We really like the mathematics behind cellular automata, and the fact that it is pretty much raw binary. Which got us thinking: what if we could convert selfies to be read as unique cellular automata, as determined by specific facial features? That's when the idea was formed.
What it does
The current image is taken, the edges are detected to create a 2D binary matrix, from which a characteristic equation was solved to get the unique eigenvalue of the image. This eigenvalue was reverse engineered to create a minimal polynomial, because of the relationship between minimal polynomials and cyclic behavior of cellular automata; this polynomial was then optimized and evaluated with Bernoulli random variables, but are trivial when x=0, so only x=1 was considered. This provided a numeric value which is congruent to a simple automata rule between 1 and 256. This new rule number, which is unique to the image captured, is then used to build the totalistic cellular automaton.
How I built it
We used the capabilities and structure of the Wolfram Language and syntax to build all the code.
Challenges I ran into
We ran into some issues with cloud deployment in terms of efficiency. We also ran into facial recognition issues which were resolved using edge detection algorithms. Lastly, we ran into typical formatting and syntax issues due to general unfamiliarity of the language.

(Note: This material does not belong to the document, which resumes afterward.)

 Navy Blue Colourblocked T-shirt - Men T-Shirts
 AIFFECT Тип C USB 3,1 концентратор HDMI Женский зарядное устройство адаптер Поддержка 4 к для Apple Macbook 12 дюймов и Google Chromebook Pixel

Accomplishments that I'm proud of
We're very proud of making everything work; a lot of extensive math literature and background went into this, and while it's mostly in the backend and not noticeable, it took the most work. We're also proud of creating a code which has the property of uniqueness for each image.
What I learned
We learned Wolfram Language we also learned a lot about image processing and writing succinct code.
What's next for Selfie-Automaton-Generator
Creating an interactive microsite via cloud deployment.